YOUR TASK:
Find the line with "KAWN.YOGA Ivory Beige" in the entries below. Repeat it, every following line, and the line with "Papier peint rond", exactly and with nothing added.

INPUT RECORDS:
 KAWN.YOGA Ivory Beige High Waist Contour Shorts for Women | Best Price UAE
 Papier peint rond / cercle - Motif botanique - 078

==

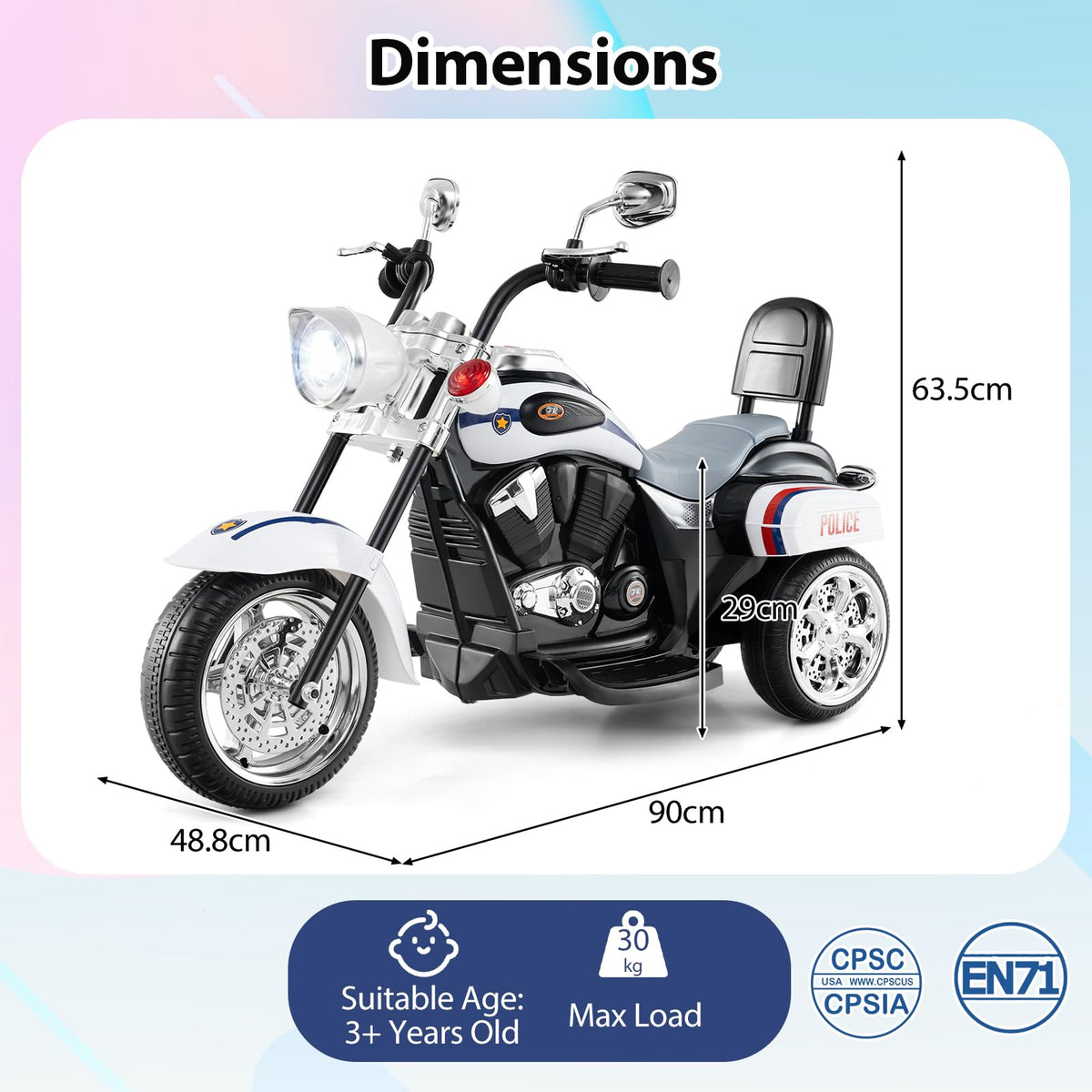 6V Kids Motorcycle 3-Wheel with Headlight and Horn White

==

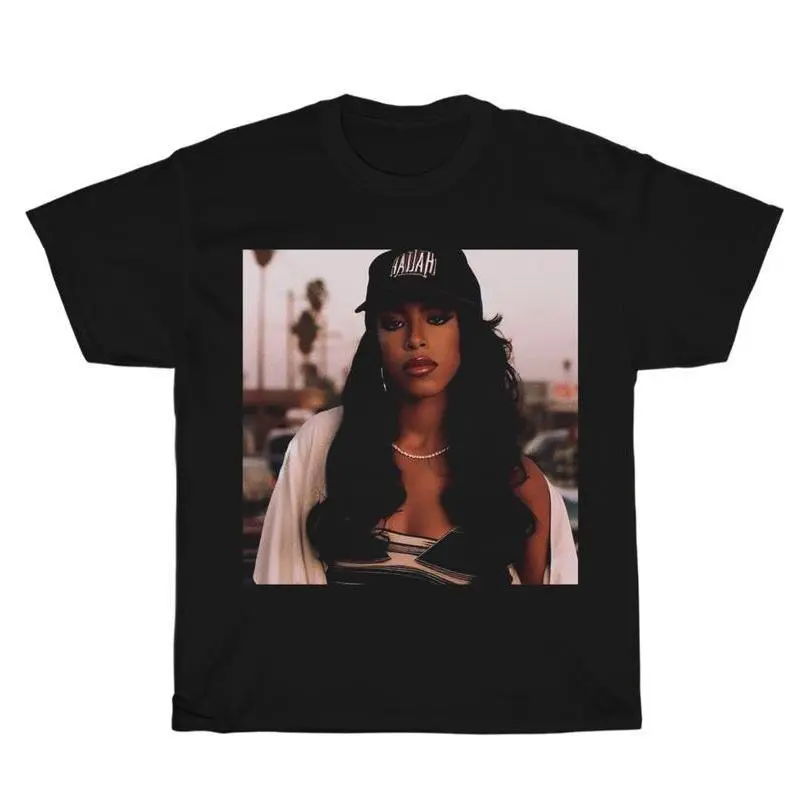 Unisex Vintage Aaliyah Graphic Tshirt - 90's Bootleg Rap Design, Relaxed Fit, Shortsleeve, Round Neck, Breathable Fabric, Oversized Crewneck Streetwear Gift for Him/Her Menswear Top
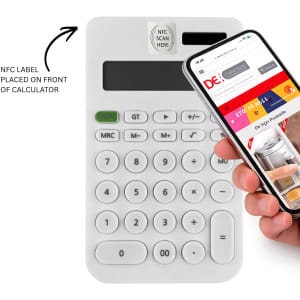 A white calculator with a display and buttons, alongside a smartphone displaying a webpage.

SOLUTION TO THIS TASK:
 KAWN.YOGA Ivory Beige High Waist Contour Shorts for Women | Best Price UAE
 Papier peint rond / cercle - Motif botanique - 078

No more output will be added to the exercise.